Posted by arbrealettres sur 22 février 2021



Illustration: Igor Marceau
    

Ailleurs

Je voudrais vivre Ailleurs.
Dans de petites villes brodées à la main.

Rencontrer ceux
qui ne viennent pas au monde.

Nous serions enfin heureux solitaires.
Pas une station ne nous attendrait.

Nulle arrivée. Nul départ.
Au musée du temps qui passe.

Pas une seule guerre ne se battrait pour nous.
Pas une humanité. Pas une armée. Pas une arme.
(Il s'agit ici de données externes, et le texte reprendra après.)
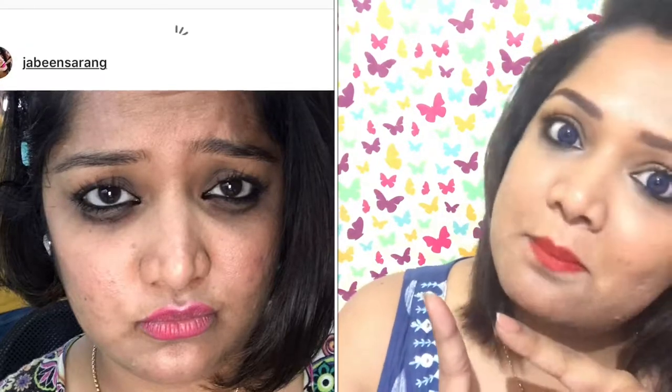Hi! Welcome! How are you guys? In my eyes, I always wear kajal. Whether it's black or some other color, it usually comes out from my eyes. I'm going to tell you how my eyes become panda eyes.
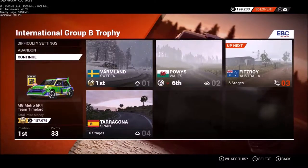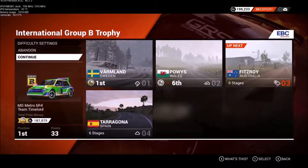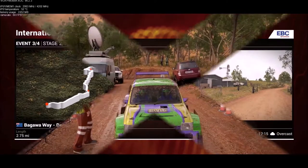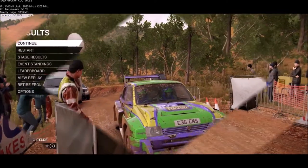Welcome to the International Group B trophy from Fitzroy, Australia. Let's take a look at the stage map. Bagawa weight is 2.75 miles of heavy gravel. It's 12:15 p.m. and overcast. If we want to do more prestigious competitions, we're going to need to get a good ranking going in.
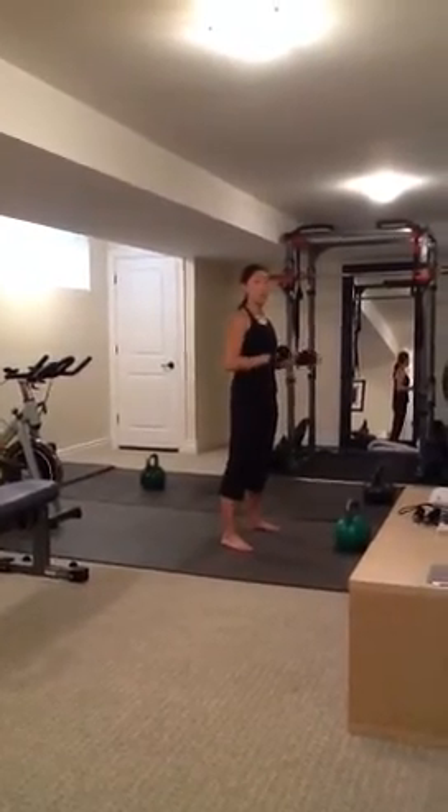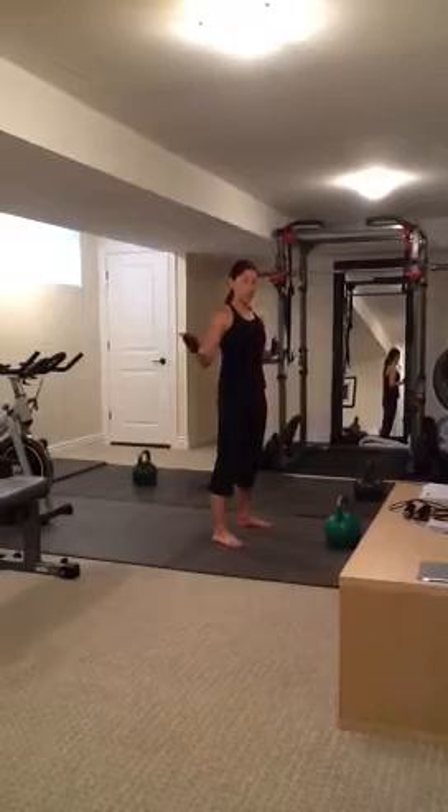I'm just going to demonstrate ten reps, but you would do ten, nine, eight, seven, until you reach one.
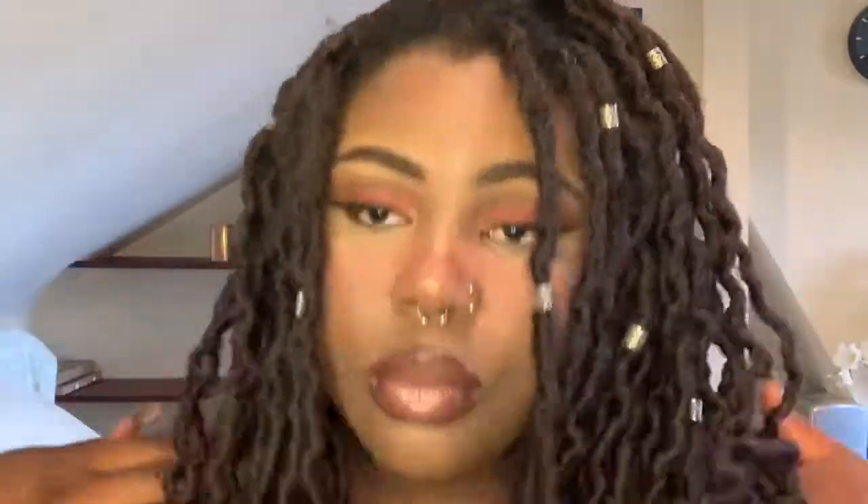I go back in with some eyeliner to put beauty spots everywhere and that's pretty much the finished look. Oh my god, I think I'm cute! This is a cute look I can rock quite often. So this look is finished — thank you so much for watching, please subscribe, like, and share.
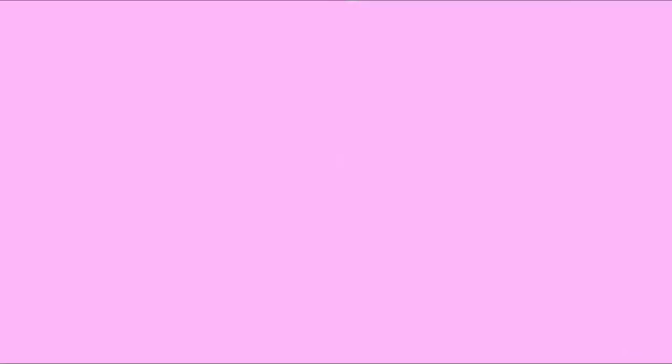That bright pink lip makes me look even more tanned — there's probably some colour theory behind it. I look even darker than I did. This is me, I'm done. Put my hoops in. Done.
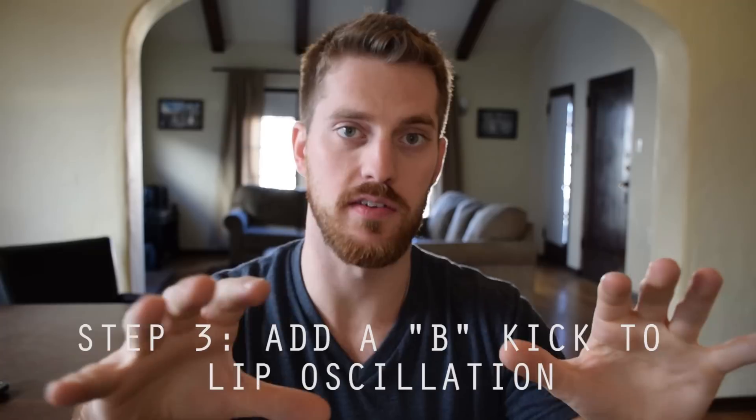Step three is putting a B kick in front of that oscillation. In a beat, that sounds crazy. You can also do something over the top of that with falsetto — and this is essentially what I did in Pitch Perfect 2 during the riff-off scene with Reggie Watts. I just did a variation of the outward lip oscillation to make that beat.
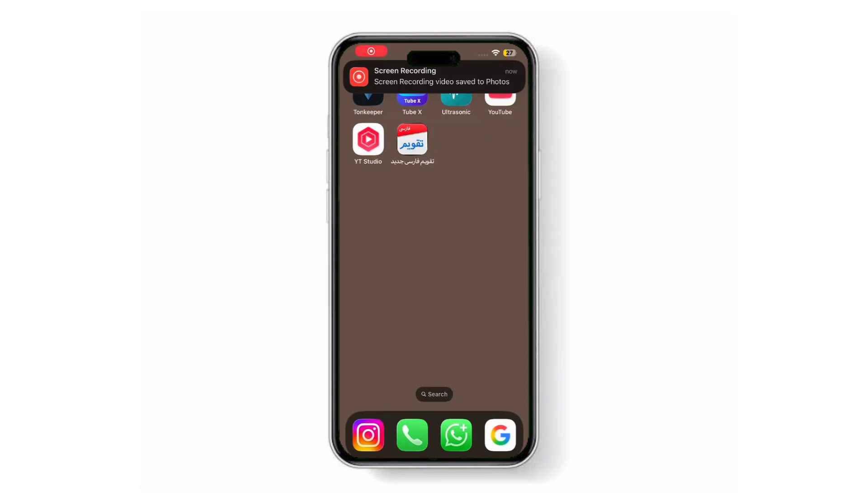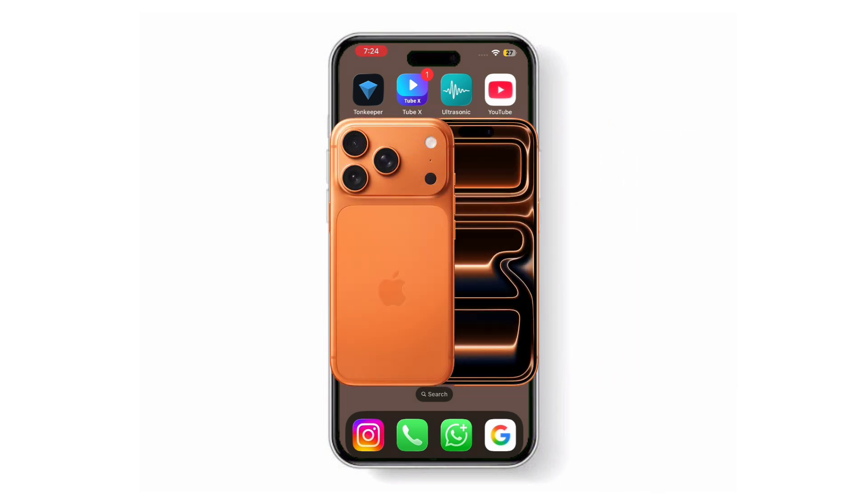Hello everyone, I hope you are doing well. Today I will show you how to adjust the alarm volume on your iPhone 17, iPhone 17 Pro, or iPhone 17 Pro Max running iOS 26.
La mort un peu pompette. Ce serait gai.
À la bibliothèque le temps en plusieurs volumes.

L’amour. Chapitre sans connaissance.
Tournerait dans un murmure les pages de nos cœurs.

***

Gdzie Indziej

Chciałabym mieszkać Gdzie Indziej.
W haftowanych ręcznie miasteczkach.

Spotykać się z tymi
którzy nie przychodzą na świat.

Bylibyśmy wreszcie szczęśliwie samotni.
Nie czekałby na nas ani jeden przystanek.

Żaden przyjazd. Żaden odjazd.
Przemijanie w muzeum.

Żadne wojny nie biłyby się o nas.
Żadna ludzkość. Żadne wojsko. Żadna broń.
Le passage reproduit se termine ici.